**Your objective**.
Each line from the start of the listing below through the line containing "Bandra Brown Pants" should be reproduced exactly, with no others.

**Data shown**.
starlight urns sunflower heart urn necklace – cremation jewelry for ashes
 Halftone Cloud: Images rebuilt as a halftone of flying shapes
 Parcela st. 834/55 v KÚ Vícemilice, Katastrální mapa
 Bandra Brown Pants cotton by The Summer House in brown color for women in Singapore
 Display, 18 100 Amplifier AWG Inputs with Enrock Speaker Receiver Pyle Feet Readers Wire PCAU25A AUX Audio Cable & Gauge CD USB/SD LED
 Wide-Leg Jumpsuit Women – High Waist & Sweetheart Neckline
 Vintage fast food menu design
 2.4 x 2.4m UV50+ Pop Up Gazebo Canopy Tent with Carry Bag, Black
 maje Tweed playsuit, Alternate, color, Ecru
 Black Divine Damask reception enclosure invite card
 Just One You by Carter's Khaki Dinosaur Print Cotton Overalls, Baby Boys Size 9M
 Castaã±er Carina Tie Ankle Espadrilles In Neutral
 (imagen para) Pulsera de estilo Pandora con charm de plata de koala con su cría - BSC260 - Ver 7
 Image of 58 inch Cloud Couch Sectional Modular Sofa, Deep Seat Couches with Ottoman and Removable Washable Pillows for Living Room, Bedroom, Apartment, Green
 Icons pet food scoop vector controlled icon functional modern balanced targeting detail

**Answer**.
starlight urns sunflower heart urn necklace – cremation jewelry for ashes
 Halftone Cloud: Images rebuilt as a halftone of flying shapes
 Parcela st. 834/55 v KÚ Vícemilice, Katastrální mapa
 Bandra Brown Pants cotton by The Summer House in brown color for women in Singapore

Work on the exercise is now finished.